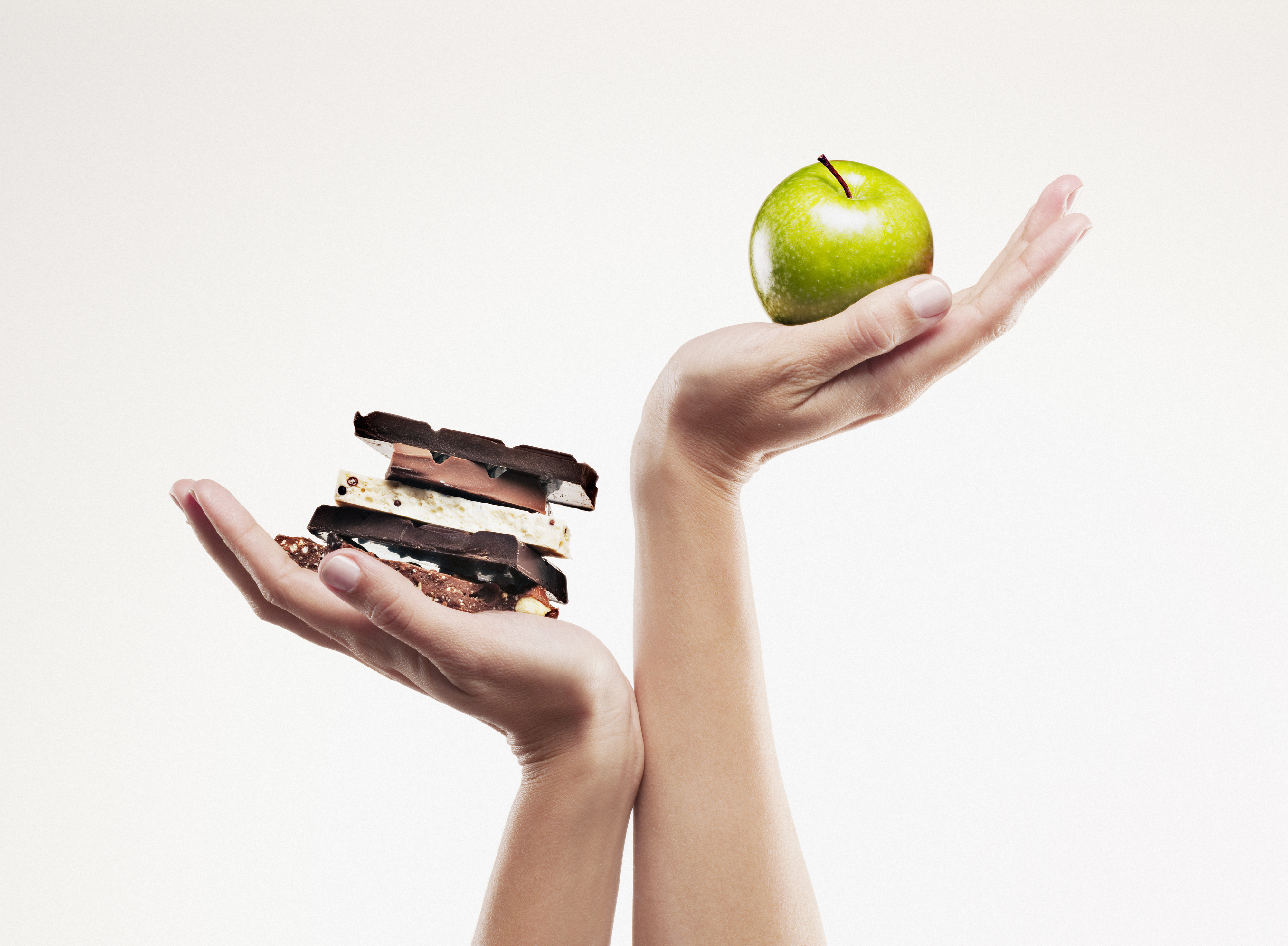 Two hands: one holding an apple and the other holding stacked chocolate bars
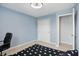 Comfortable bedroom with a black chair, closet and a black-and-white patterned carpet at 10410 Trillium Ct, Noblesville, IN 46060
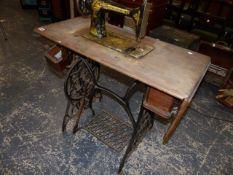 A TREADLE SEWING MACHINE.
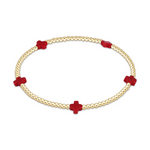 Gold beaded stretch bracelet with red cross shaped accents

• _WHAT TO WORK ON_: Only the text of the listing above is wanted, transcribed exactly, without its images.

• _YOUR SOLUTION_:
 Two hands: one holding an apple and the other holding stacked chocolate bars
 Comfortable bedroom with a black chair, closet and a black-and-white patterned carpet at 10410 Trillium Ct, Noblesville, IN 46060
 A TREADLE SEWING MACHINE.
 Gold beaded stretch bracelet with red cross shaped accents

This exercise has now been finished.